GREG WILPERT: It’s The Real News Network, and I’m Greg Wilpert in Baltimore.
Last week, UK Home Secretary Sajid Javid gleefully signed the extradition request from the U.S. to hand over WikiLeaks founder Julian Assange. The U.S. is seeking Assange’s extradition because it has charged him on 18 counts of having violated the Espionage Act of 1917. The final decision on the extradition request now rests with British courts. The first extradition hearing was scheduled for last Friday, but Assange’s poor health made it impossible for him to attend in person, and so he appeared remotely via video link. Assange has already spent seven years in a small room in Ecuador’s embassy in London, where he had received asylum under then-President Rafael Correa. However, Ecuador’s current President Lenin Moreno decided to suspend his asylum and allowed British police to enter the embassy and arrest him last April.
All additional hearings have now been suspended until February of next year.
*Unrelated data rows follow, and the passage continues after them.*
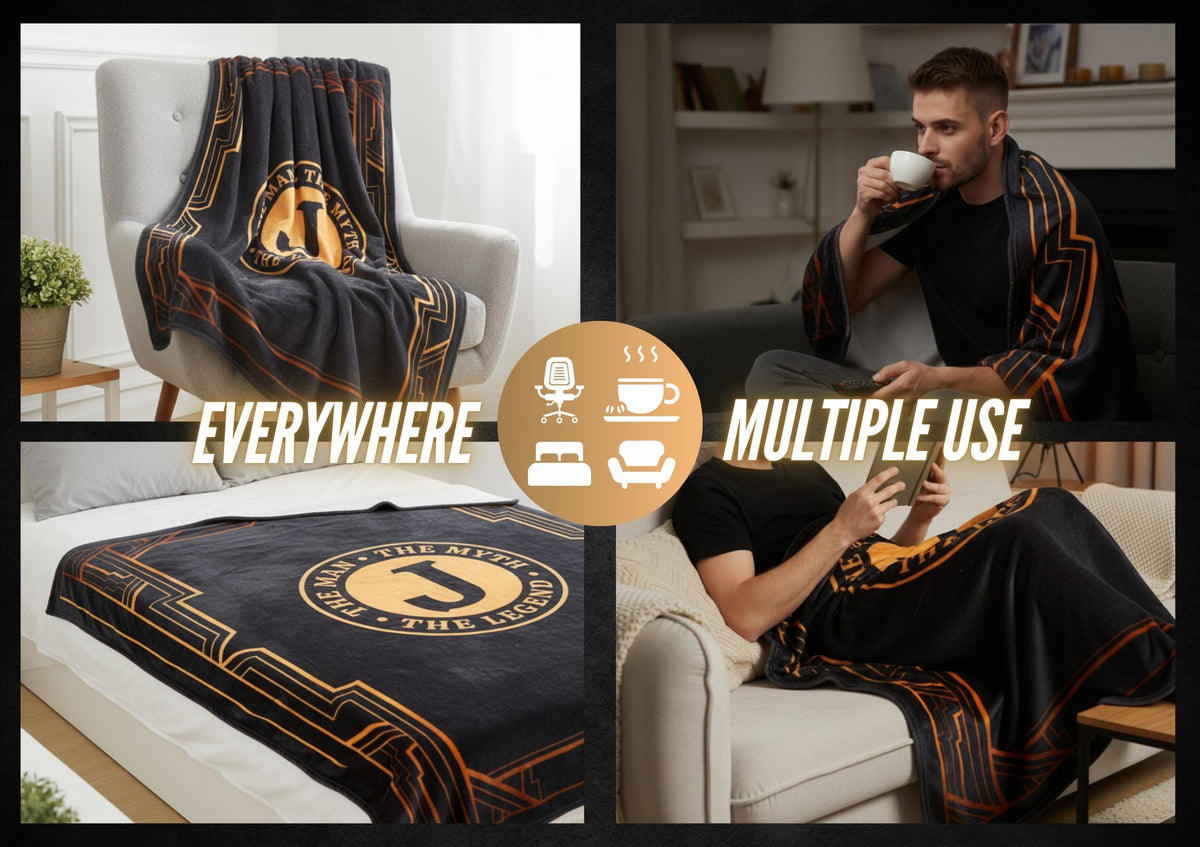 InnoBeta Legend Initial Plush Throw rolled packaging ready for gifting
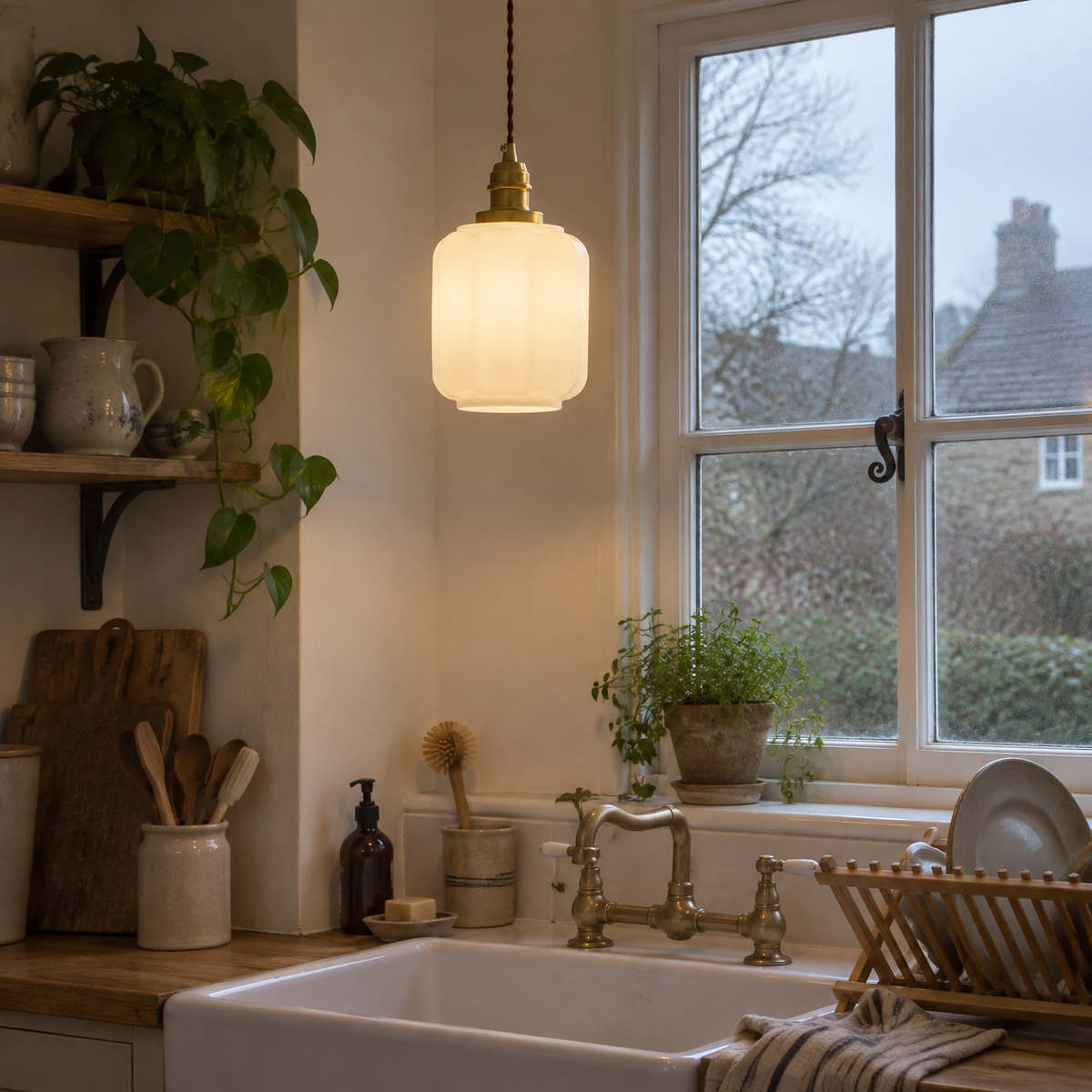Vintage brass and glass pendant over a cottage kitchen sink
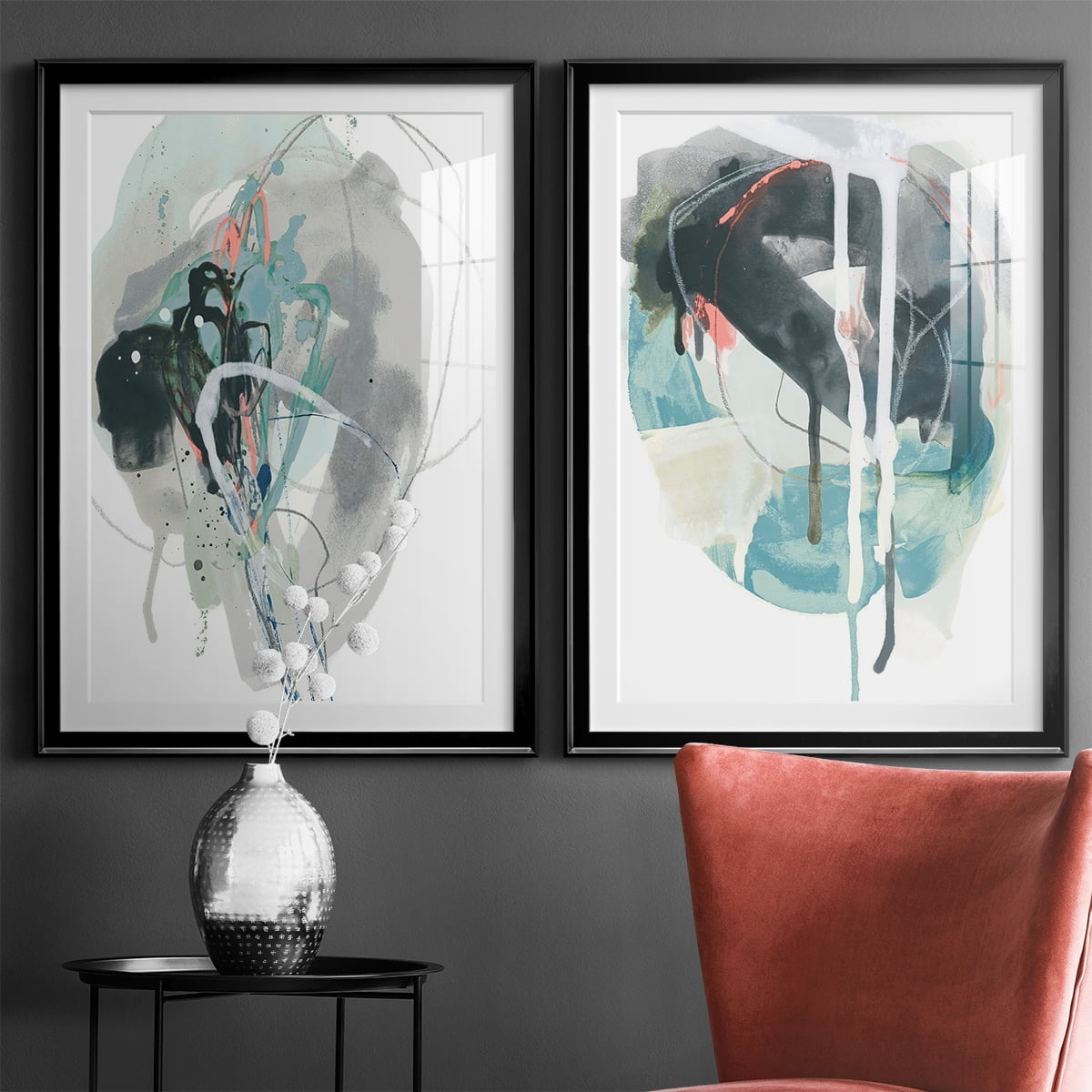 Wexford Home Stone Aperture I Premium Framed Print, 26.5" x 36.5" - Ready to Hang, Black (Set of 2)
Meanwhile, Assange remains in a maximum security prison in Belmarsh, where he is serving a 50-week sentence for having skipped bail. Assange’s lawyer Jennifer Robinson responded to the court decision as follows.
JENNIFER ROBINSON: As we heard inside the court, this case is an outrageous affront to journalistic protections. This indictment will place a chilling impact and will affect journalists and publishers everywhere all over the world. by the U.S. seeking to extradite and prosecute a publisher outside of the U.S. who is not a U.S. citizen for having published truthful information about the United States: evidence of war crimes, human rights abuse, and corruption the world over.
GREG WILPERT: We’re now joined by John Pilger, who has been observing the Assange case very closely, and who was present at the extradition hearing last Friday. John is an award-winning journalist and documentary filmmaker, and his most recent film is called The Coming War in China. Thanks for joining us today, John.
JOHN PILGER: You’re welcome.
GREG WILPERT: So what was the hearing last Friday like? Did Assange have an opportunity to actually defend himself and to make his case? And what was the reaction from the U.S. lawyers and the judges there?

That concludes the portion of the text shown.